I haven’t been a part of this site for too long, so there might be others with similar stories, but I figured I would post mine anyway, assuming that my case is quite unique among cases.
I’ve struggled with obesity and had a larger than average chest (to put it mildly) since I was at least 5 years old, when I started kindergarten and started getting teased for being overweight and, specifically, for having such a large chest. So, right off the bat, I feel a bit different than most people with (pseudo)gynecomastia, most of whom seem to develop their condition around puberty. I was obese pretty much all throughout elementary school until after college: it caused me a lot of social anxiety, and I had a big problem making friends and feeling like I could fit in, specifically because my big chest made me feel like a loner even among other overweight/obese people.
In 2015 I weight 331lb: now in 2020 I weigh 230lb (I’m 6’3, 28 y/o), having lost the weight over the course of a few months (as you can see in my pictures, I also have issues with excess stomach skin, and excess skin/fat in several other places). I’ve kept the weight off since then without going back up, and my social life has improved a lot since slimming down some, but I still have issues with being too anti-social and guarded. I have a boyfriend now of 2 years, and we’re in the process of having a baby via surrogacy, so I’m going to need to get over my own personal demons if I’m going to be a good parent. My partner has encouraged me to finally do something about this issue as he’s noticed how much it’s affected both our relationship and my personal life for the past 20+ years (note: he doesn’t care if I get surgery or not, he only wants what will make me happiest, but surgery is looking more likely as it’s so hard for me to imagine having the chest that I have and still living a happy, *healthy* life).

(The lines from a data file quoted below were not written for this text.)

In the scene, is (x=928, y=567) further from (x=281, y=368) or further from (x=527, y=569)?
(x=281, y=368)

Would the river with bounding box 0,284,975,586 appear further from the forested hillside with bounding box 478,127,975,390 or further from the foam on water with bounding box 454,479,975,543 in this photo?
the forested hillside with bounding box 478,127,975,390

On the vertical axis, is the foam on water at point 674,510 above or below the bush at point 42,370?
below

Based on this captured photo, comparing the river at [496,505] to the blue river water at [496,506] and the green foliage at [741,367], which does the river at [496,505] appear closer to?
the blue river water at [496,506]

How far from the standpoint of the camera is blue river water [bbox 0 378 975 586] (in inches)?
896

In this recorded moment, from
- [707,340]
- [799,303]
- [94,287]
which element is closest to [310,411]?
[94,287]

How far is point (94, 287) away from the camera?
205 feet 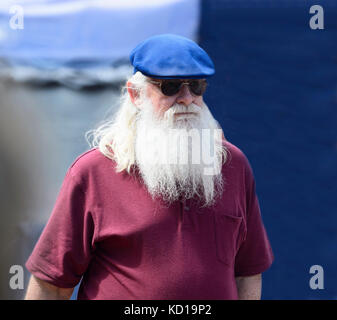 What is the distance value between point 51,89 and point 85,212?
1655 mm

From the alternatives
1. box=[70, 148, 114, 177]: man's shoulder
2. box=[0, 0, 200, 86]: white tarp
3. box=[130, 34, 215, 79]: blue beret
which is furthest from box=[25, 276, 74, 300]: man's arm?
box=[0, 0, 200, 86]: white tarp

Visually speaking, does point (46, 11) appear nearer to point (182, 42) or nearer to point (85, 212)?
point (182, 42)

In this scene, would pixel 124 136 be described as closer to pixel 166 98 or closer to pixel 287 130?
pixel 166 98

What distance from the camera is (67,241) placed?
1.99 metres

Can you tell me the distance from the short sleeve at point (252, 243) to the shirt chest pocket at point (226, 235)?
14 centimetres

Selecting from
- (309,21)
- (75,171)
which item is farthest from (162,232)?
(309,21)

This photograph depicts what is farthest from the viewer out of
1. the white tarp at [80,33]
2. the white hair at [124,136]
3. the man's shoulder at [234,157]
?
the white tarp at [80,33]

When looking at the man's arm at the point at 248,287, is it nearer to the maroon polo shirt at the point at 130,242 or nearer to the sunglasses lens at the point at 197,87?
the maroon polo shirt at the point at 130,242

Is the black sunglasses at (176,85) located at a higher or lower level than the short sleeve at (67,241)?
higher

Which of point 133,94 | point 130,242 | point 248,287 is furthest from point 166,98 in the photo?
point 248,287

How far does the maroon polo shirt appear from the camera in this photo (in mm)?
1949

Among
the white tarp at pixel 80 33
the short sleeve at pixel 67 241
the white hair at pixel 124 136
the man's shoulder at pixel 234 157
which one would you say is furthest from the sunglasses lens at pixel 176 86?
the white tarp at pixel 80 33

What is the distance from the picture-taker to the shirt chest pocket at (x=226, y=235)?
2014 mm

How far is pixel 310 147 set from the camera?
345 centimetres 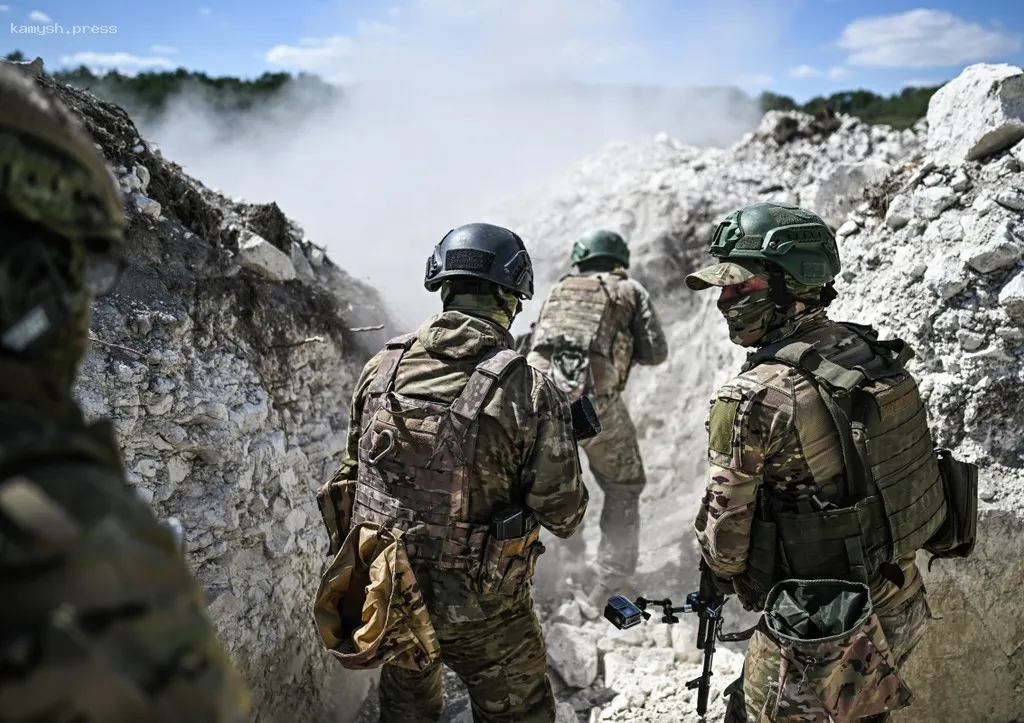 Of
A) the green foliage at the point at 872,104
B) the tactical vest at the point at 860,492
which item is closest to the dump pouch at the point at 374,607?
the tactical vest at the point at 860,492

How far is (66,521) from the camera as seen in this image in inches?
37.3

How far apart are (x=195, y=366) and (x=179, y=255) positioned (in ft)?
2.13

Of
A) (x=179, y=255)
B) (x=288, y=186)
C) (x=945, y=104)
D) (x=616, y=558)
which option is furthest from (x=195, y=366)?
(x=288, y=186)

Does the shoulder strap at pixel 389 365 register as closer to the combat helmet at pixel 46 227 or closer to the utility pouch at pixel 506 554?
the utility pouch at pixel 506 554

I haven’t felt comfortable talking about this subject or looking for help until recently because a. I figured I would just be told to lose weight/keep losing weight to solve my problems, b. I didn’t think I could afford surgery/whatever the solution was, and c. I didn’t know if surgery would be able to fix all my problems. My bf has been supportive, both emotionally and financially, of my finding a solution to my excess skin, so I’ve finally made an appointment to see a local plastic surgeon, which is scheduled for April 2021 (I live in western Mass. and have an HMO). I don’t want to wait that long, and money isn’t really a question anymore, but I want to go through my insurance company first because I’d like to have this issue diagnosed as a health concern instead of just a cosmetic issue. I’m open to going to a plain-old plastic surgeon if it wields better results. I’m pretty sure that I have pseudogynecomastia and maybe some feminine breast tissue, but regardless of what I have I would like to have a much smaller chest. I’d rather not wear any supportive device/bra, just not what I want, and compression shirts don’t work well enough for my case.
Just posting this for my own sanity: as I wrote in the beginning, I feel like my case might make me unique among gynecomastia sufferers. Opinions of all kinds are welcome, too. Thank you all!